One person each turn will be the “customer” and draw a customer card. It might turn out to be the mortician card.  The other players each have six cards in their hand and from these six they must use two to create a ‘product’ that the customer might buy.  In this case, for example, I might choose to try and sell him a “Bacteria Alarm” and I will have about 30 seconds to give him a sales pitch to try and convince him that my product is the one he wants.  That’s a very easy one to come up with, sometimes though – just like in Apples to Apples – none of your cards seem to fit and that’s when you have to get creative.

Sometimes the products were a little strange to put it mildly and the sales pitches had everyone in stitches.  After everyone has made their pitch, the customer chooses which product he likes best and the salesman gets the customer card.  At the end of the game the person with the most customer cards is the winner.

Rules say that you should go once around so that everyone has a chance to be the customer.  The first night we only played with three people and choose instead to have the first person with ten cards be the winner.  The next time we played I think there were 10 people and once around the table worked well.

This Mensa Select game is for ages 10+.  Length of play will depend on the number of players and how long you want to play.

Just to let you know – on the night with 10 players I managed to win one card.  I won when Santa was the customer and I sold him a ‘fart suit’.  This was designed to help Santa because as he traveled all over the world he had to keep eating all those cookies and glasses of milk.  The suit was designed to contain the results of that.  I rest my case.

Snake Oil is a great game for a group – everyone we played with said that they liked it more than Apples to Apples.  People who felt that they couldn’t possible come up with any product or manage to create a sales pitch had great sales pitches for the some really crazy products and had us all holding onto our sides as we laughed.

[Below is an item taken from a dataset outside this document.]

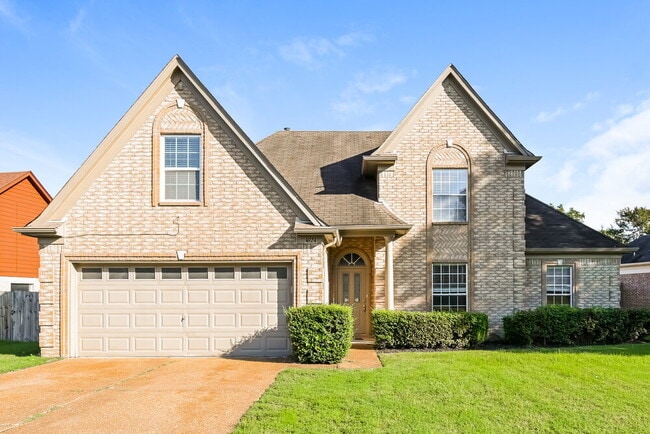 Building Photo - 4924 Wemberley Dr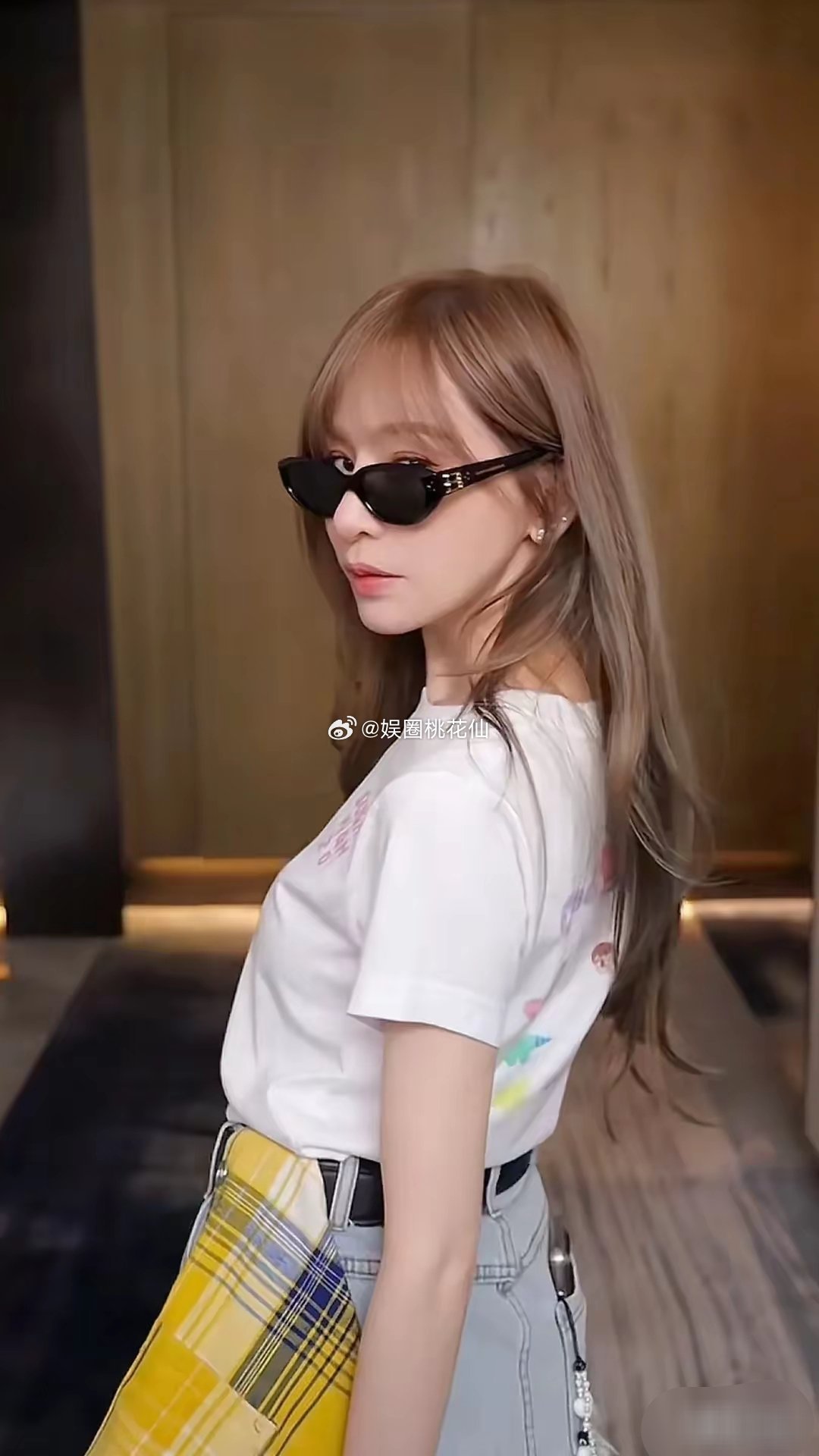 42岁王心凌最新穿搭：短袖+半身裙，减龄又洋气，美得像少女 ​​​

Worth Adding to Your Game Closet

This past spring the AGPC (Association of Game & Puzzle Collectors) annual convention was held in Saratoga Springs, NY.  During the event, one of the new members brought in a game to play named ANOMIA.  This is a Canadian game, and a holder of the Mensa Select seal.

In this game, everyone is playing all the time.  You must really be   alertBox & four cards and think fast.  It’s fun, everyone winds up shouting and laughing in equal parts.


Number of players: 3 to 6 (four is a good number)

Ages: 10 and up (One rare time I think the age recommendation is right)

Length of game: about 30 minutes.


Method of play: Cards are turned up one at a time by each player. Players must watch carefully to spot a card turned up by an opposing player that contains a symbol that matches the symbol on the card in front of them.  When the symbols match you must be the first to call out an item that fits the category on the other players card.  If there is a wild card also in play the cards may match via the symbols on the wild card.  In the image shown the wild card has a green cross and a purple wave.  The player with the purple wave card (Planet) must call out an item from the green cross card (Orchestral Instrument) before the other player.  So the person with the purple card might call out “Flute” before the green cross holder could shout out “Earth”.


It sounds easy, but somehow your brain gets all bogged down. If you enjoy word games this is one you should try.  It makes a great “ice breaker” since the concept and rules are easy.